● **EXERCISE AIM**: Your answer must consist solely of the line containing "A bay with a" and each line after it through the end of the data, copied exactly.

● **INPUT DATA**:
= = = = =

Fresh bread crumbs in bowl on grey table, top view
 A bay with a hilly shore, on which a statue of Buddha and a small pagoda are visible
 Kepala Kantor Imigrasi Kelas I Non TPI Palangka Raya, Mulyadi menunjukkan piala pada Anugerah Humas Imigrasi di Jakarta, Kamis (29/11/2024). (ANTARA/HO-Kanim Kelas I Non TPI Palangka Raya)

= = = = =

● **COMPLETED TASK**:
 A bay with a hilly shore, on which a statue of Buddha and a small pagoda are visible
 Kepala Kantor Imigrasi Kelas I Non TPI Palangka Raya, Mulyadi menunjukkan piala pada Anugerah Humas Imigrasi di Jakarta, Kamis (29/11/2024). (ANTARA/HO-Kanim Kelas I Non TPI Palangka Raya)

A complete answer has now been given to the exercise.